On the other hand, Robbie was also the heir to the Kruger-Brent fortune. For ten billion dollars, it appeared, Maureen Swanson was prepared to make an exception to her usual dating criteria. Robbie Templeton might not be built like a football player, but he was worth more money than most pros.

Maureen smiled. ‘I know a guy who lives around here. There’s always a party going on at his place. You wanna check it out?’

Robbie weighed up his options. He did not want to check it out. He did not want to go to a party, especially not with Maureen Swanson. He wanted to be left alone so that he could go and kill himself somewhere, quietly, without his last memory being a pair of Dolly Parton breasts or daisy-patterned panties from JCPenney. Was that so much to ask?

And yet … a party meant other people. Noise. Drugs. Distractions for Maureen.

Drugs.

Robbie shrugged. What the hell.

‘Sure, why not? I’ve got nothing better to do.’
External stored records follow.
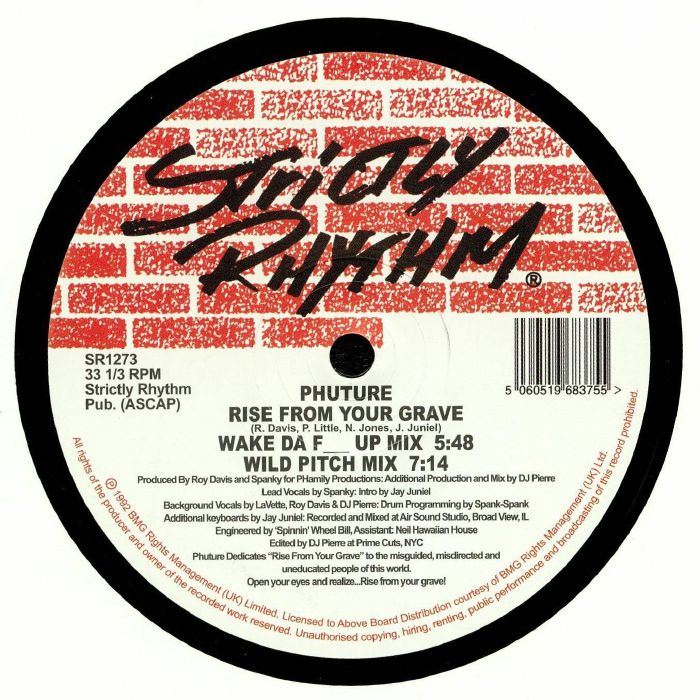 Rise From Your Grave - Vinyl Single vinyl record cover
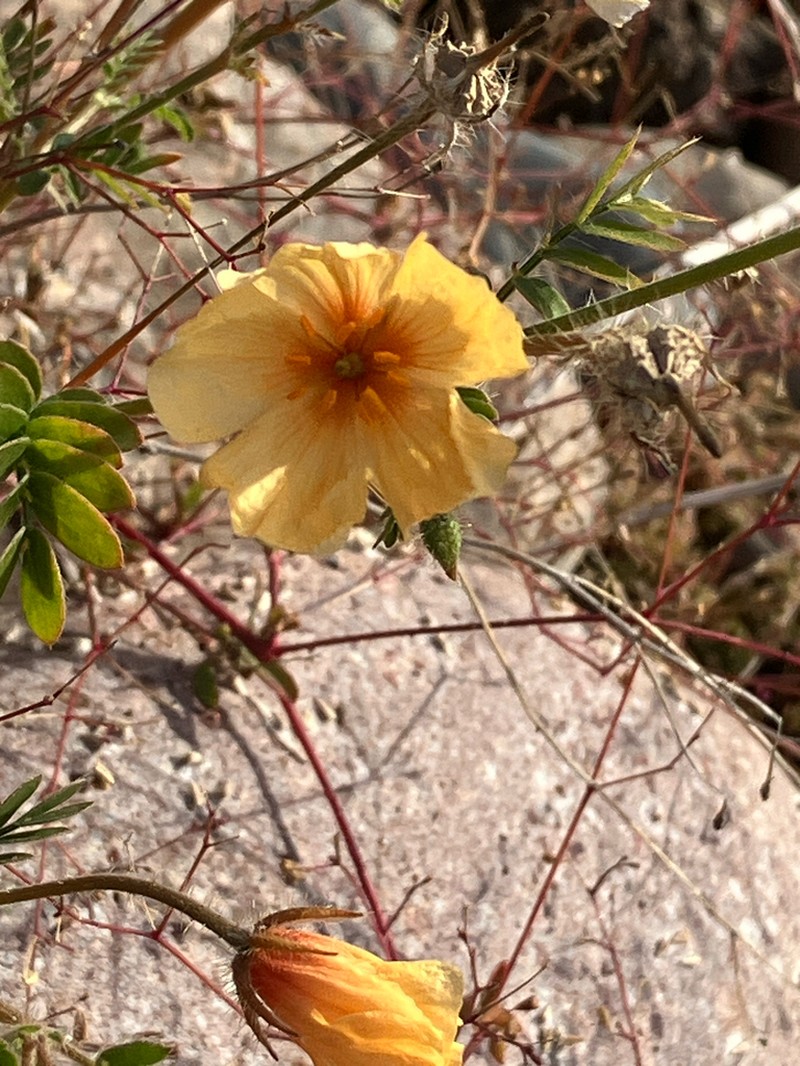 Arizona Poppy photo 4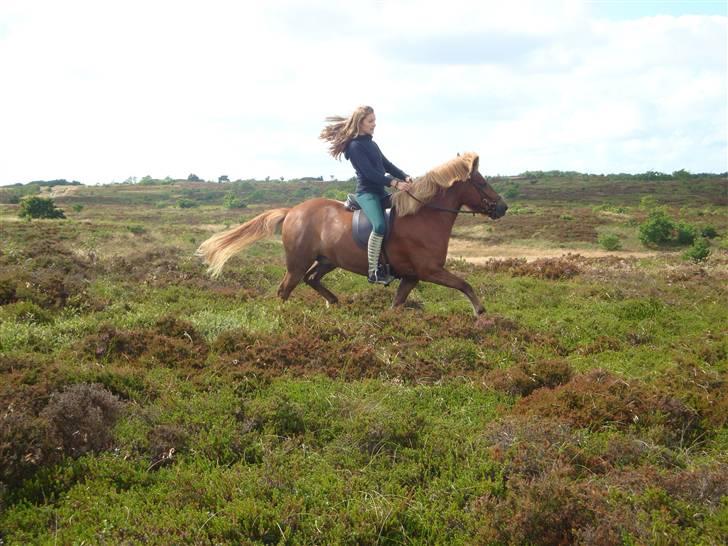 Islænder Mánadis - WOW EN GANG! FOTOGRAF: TINA :P SÅ FLOT I NATUR!! xD billede 7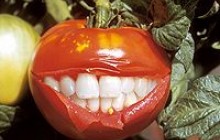 Отмена маркировки ГМ-продуктов - масштабный биологический эксперимент над украинцами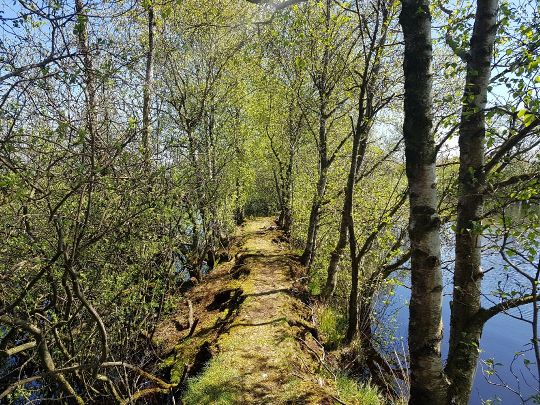 Goldmoor (Löwenstedt) angeln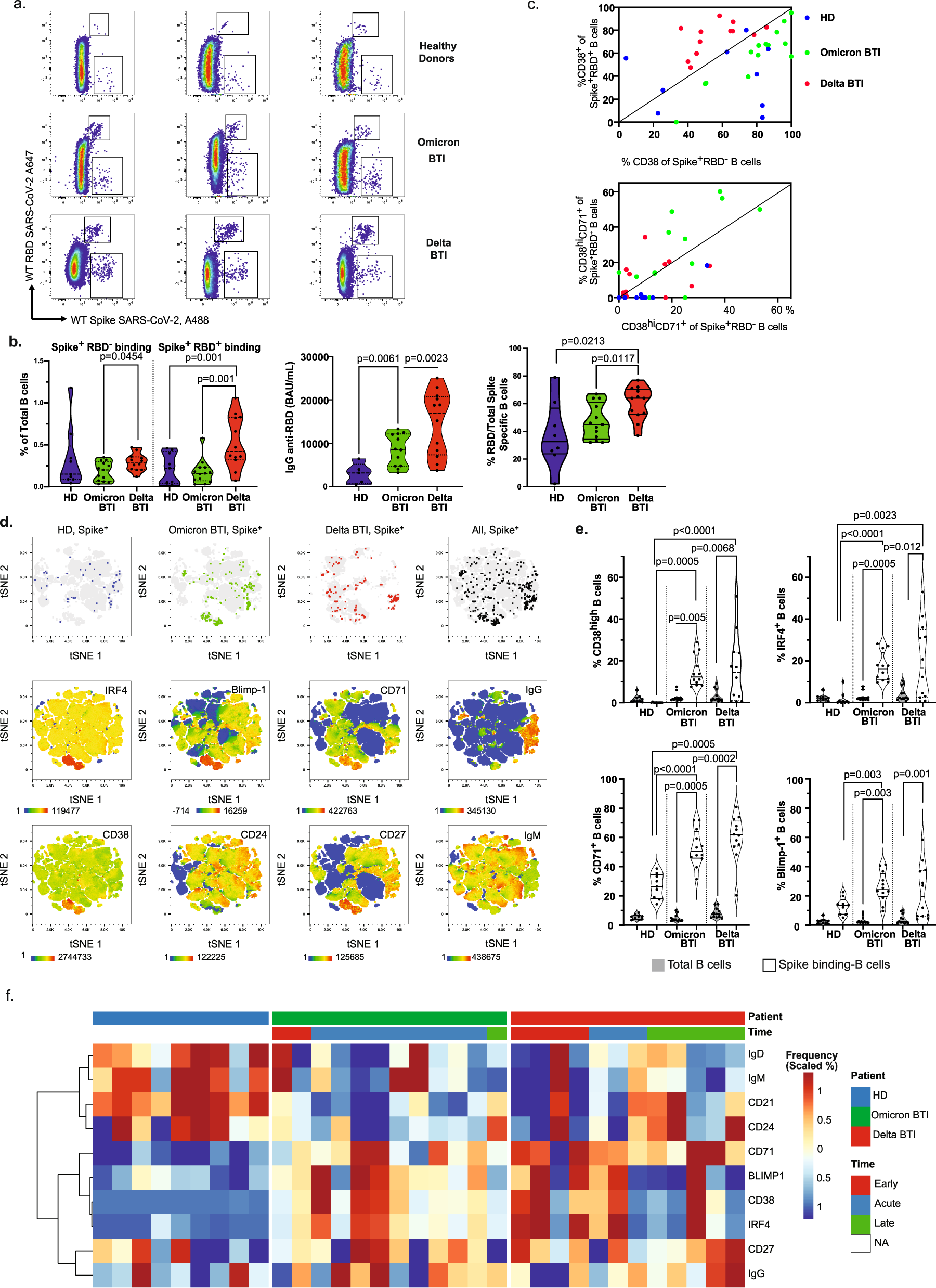 Fig. 3: Humoral and B cell immunity during Omicron and Delta breakthrough infection.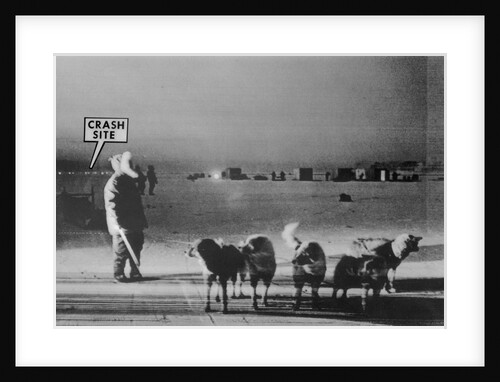 Man Standing with Eskimo Dogs by Anonymous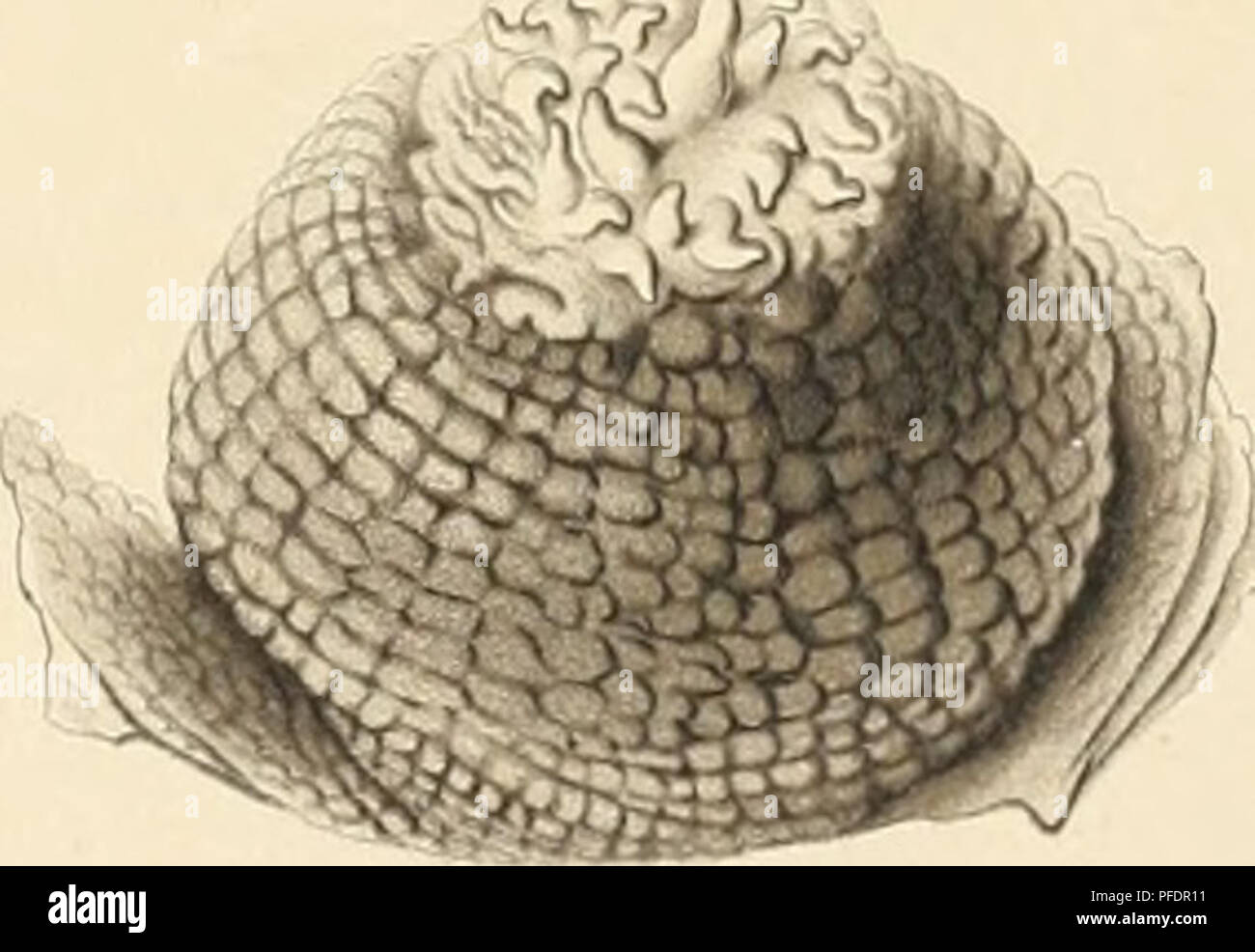 . Den Norske Nordhavs-Expedition, 1876-1878. Wissenschaftliche Expeditionen; Marine Tiere - Norwegische See; Marine Tiere - arktische Regionen; Norwegische See. -. 12 11. V FC? FlK 5^ • Jahr * 6"&lt; r, ^v l. Anthosactis Jan Mayeni 2 3. Sa^ artia repens. 4 - 7 Sa^ artia abyssicola8 9. Bunodes abyssorum. 10 13. Sa^ ai-tia splendens. Bitte beachten Sie, dass diese Bilder sind von der gescannten Seite Bilder, die digital für die Lesbarkeit verbessert haben mögen - Färbung und Aussehen dieser Abbildungen können nicht perfekt dem Original ähneln. extrahiert. Mohn, Henrik, b. 1835; Sars, G.O. (Georg Ossian), 1837-1927; Stockfoto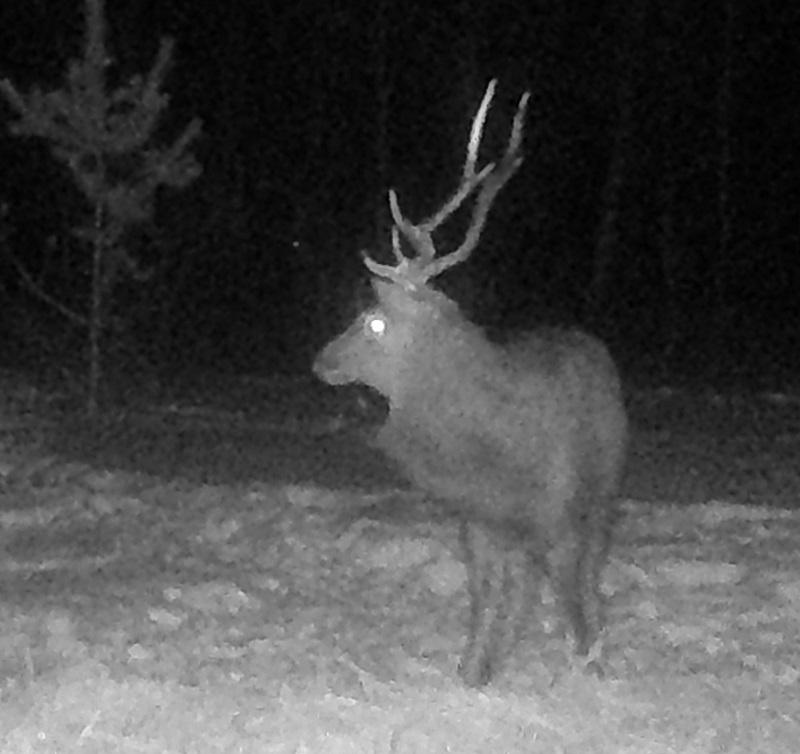 �������� ����� ������������ ����� ����������� ���������� �� �������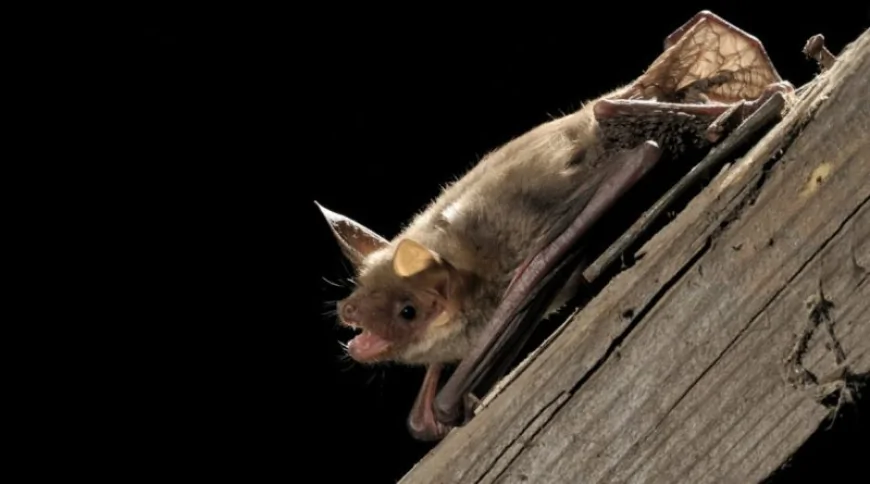 Küçük Fare Kulaklı Yarasa (Myotis blythii)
When Peter Templeton got home that evening, he expected to find his son waiting for him.

‘Robert!’

He let the front door slam shut behind him.

‘ROBERT!’

Peter Templeton no longer felt guilty about slapping Robert this afternoon. He was against physical violence generally, especially as a form of parental control. But desperate times called for desperate measures. Robert had stood in his office, laughing at him. Actually laughing. After all the trouble he’d caused the family: the expulsions, the run-ins with the police, the shoplifting. After all the money and time that Peter had personally spent trying to help him: all the therapists and vacations and hundred-dollar-an-hour piano lessons: Robert still thought of the situation as one big joke.

Well the joke was on him this time. Peter Templeton had had enough.

Bounding up the stairs, two at a time, in the direction of Robbie’s bedroom, Peter ran into the housekeeper, Mrs Carter. She was standing on the landing. She looked apologetic.

‘I’m afraid Master Robert’s not here, sir. We haven’t seen him since he left for school this morning. Is something wrong?’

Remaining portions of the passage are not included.